**Given information**
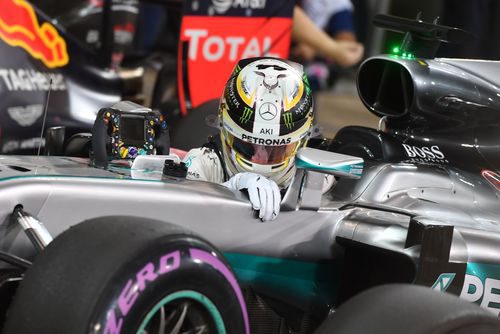 Lewis Hamilton llega a parque cerrado en Yas Marina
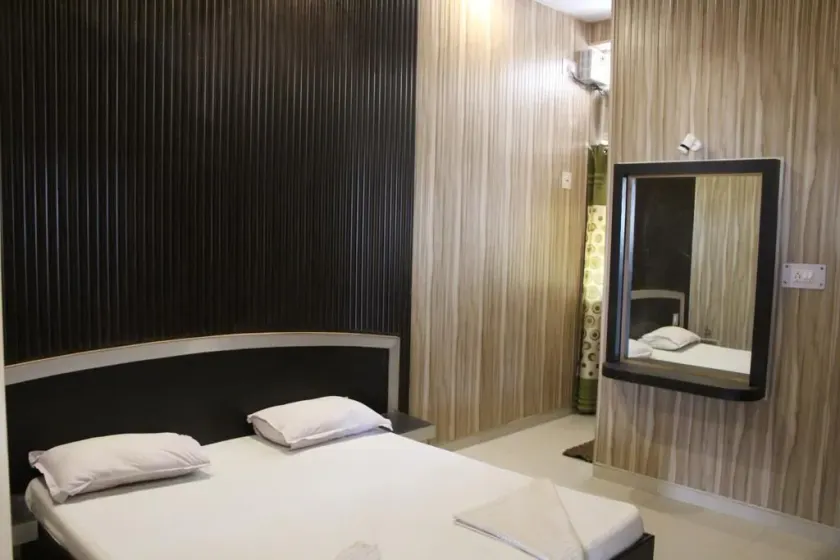 Hotel Gokul inn - Image 1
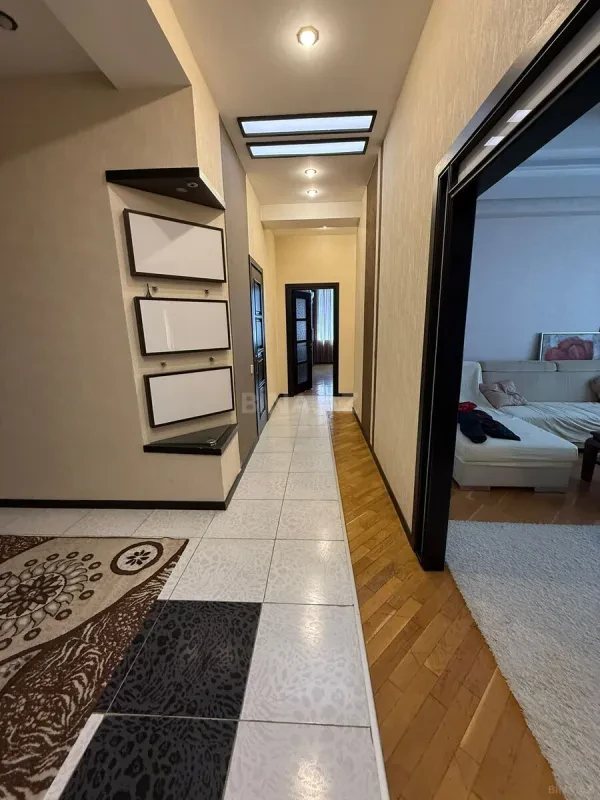 Kirayə verilir 3 otaqlı mənzil 145 m²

**Required work**
Please write out all the data again word for word, but not the pictures.

**Task result**
 Lewis Hamilton llega a parque cerrado en Yas Marina
 Hotel Gokul inn - Image 1
 Kirayə verilir 3 otaqlı mənzil 145 m²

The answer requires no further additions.